What to work on: Without including any pictures, copy every line below exactly.

--- Study material Enclosed Below ---

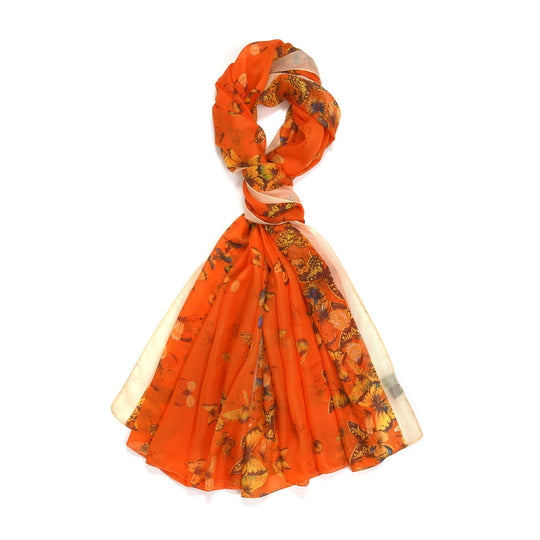 LA MAREY - 100% Maulbeeren-Seidenschal, Chiffon, 110x180 cm, Türkis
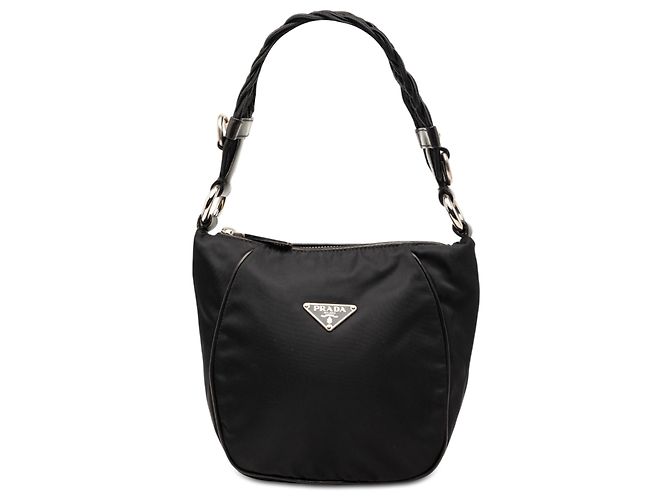 Borsa intrecciata in tessuto nero Prada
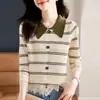 Suéter de Punto con Parches de Encaje a Rayas Rojas Ankora Nuevo Primavera y Otoño para Mujer, Top de Cuello Polo para Capas de Otoño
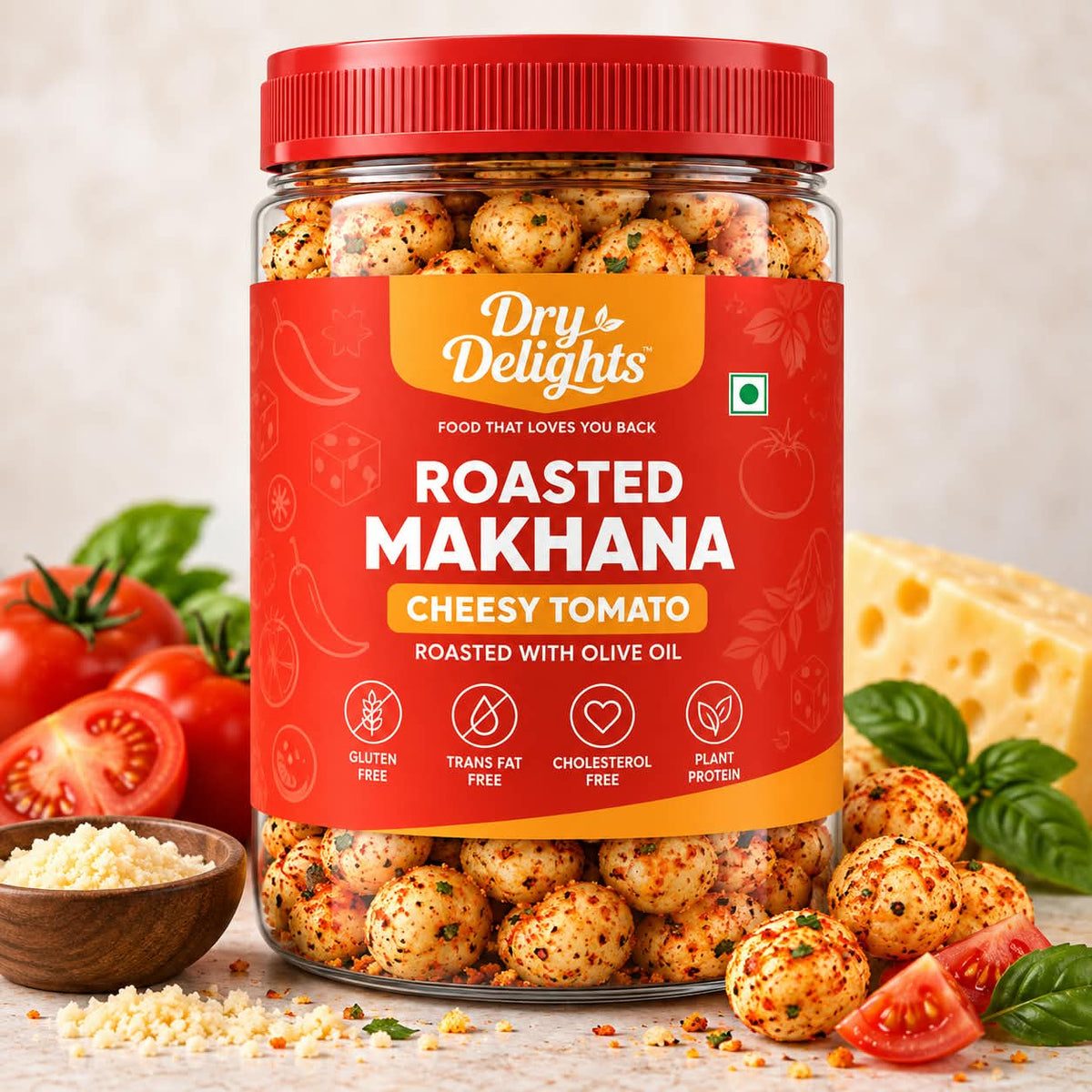 Cheesy Tomato Makhana – front of pack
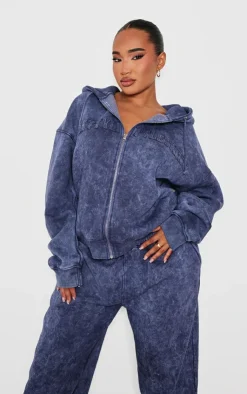 Outlet PrettyLittleThing Shape Embroidery Washed Zip Through Hoodie Navy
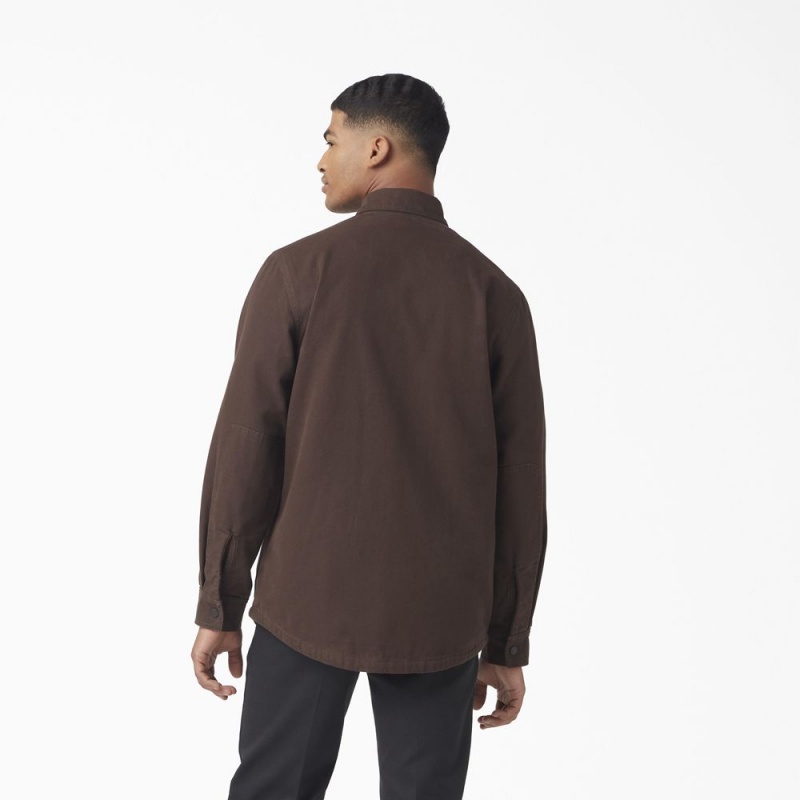 Men's Dickies Long Sleeve Flannel-Lined Duck Shirt Brown | 0218346-XJ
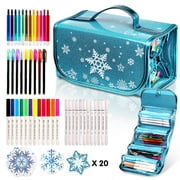 Beefunni Blue Fruit Scented Markers Set, School Supply Kit 56 Pcs with Frozen Snowflake Pencil Case, Frozen Gifts for Girls Ages 4-6-8, Art Supplies Christmas Birthday Gift for Kids 3+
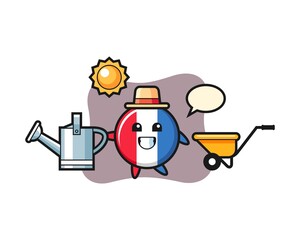 Cartoon illustration of france flag badge holding watering can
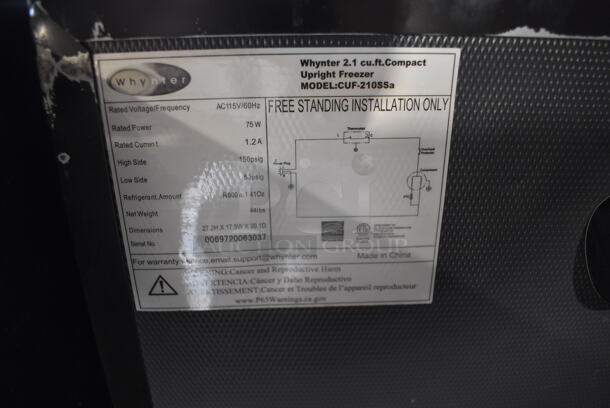 BRAND NEW SCRATCH AND DENT! Whynter CUF-210SSa Stainless Steel Mini Freezer. 115 Volts, 1 Phase. 17.5x20x27.5. Tested and Working! - Image 6 of 6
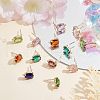 SUPERFINDINGS 16Pcs 8 Colors Brass Glass Stud Earring Findings DIY-FH0004-50-5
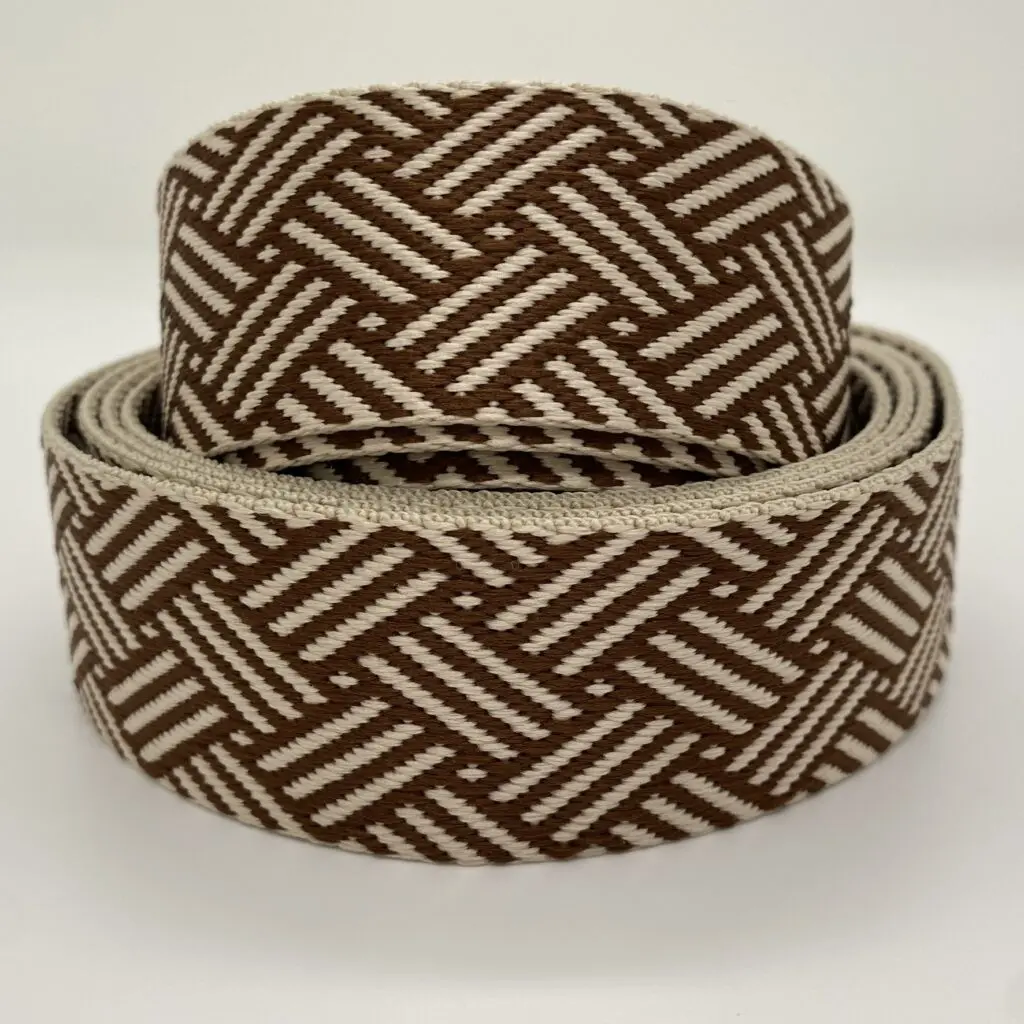 Gurtband 38 mm beige braun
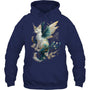 NavyHoodieMajesticCatDragonFairyWhiteAndTealWithGoldAccentsGiftForDragonLovers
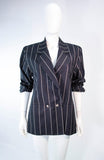 GIANNI VERSACE Black and Cream Striped Jacket Size 6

--- End of Enclosed Study material ---

Exercise response:
 LA MAREY - 100% Maulbeeren-Seidenschal, Chiffon, 110x180 cm, Türkis
 Borsa intrecciata in tessuto nero Prada
 Suéter de Punto con Parches de Encaje a Rayas Rojas Ankora Nuevo Primavera y Otoño para Mujer, Top de Cuello Polo para Capas de Otoño
 Cheesy Tomato Makhana – front of pack
 Outlet PrettyLittleThing Shape Embroidery Washed Zip Through Hoodie Navy
 Men's Dickies Long Sleeve Flannel-Lined Duck Shirt Brown | 0218346-XJ
 Beefunni Blue Fruit Scented Markers Set, School Supply Kit 56 Pcs with Frozen Snowflake Pencil Case, Frozen Gifts for Girls Ages 4-6-8, Art Supplies Christmas Birthday Gift for Kids 3+
 Cartoon illustration of france flag badge holding watering can
 BRAND NEW SCRATCH AND DENT! Whynter CUF-210SSa Stainless Steel Mini Freezer. 115 Volts, 1 Phase. 17.5x20x27.5. Tested and Working! - Image 6 of 6
 SUPERFINDINGS 16Pcs 8 Colors Brass Glass Stud Earring Findings DIY-FH0004-50-5
 Gurtband 38 mm beige braun
 NavyHoodieMajesticCatDragonFairyWhiteAndTealWithGoldAccentsGiftForDragonLovers
 GIANNI VERSACE Black and Cream Striped Jacket Size 6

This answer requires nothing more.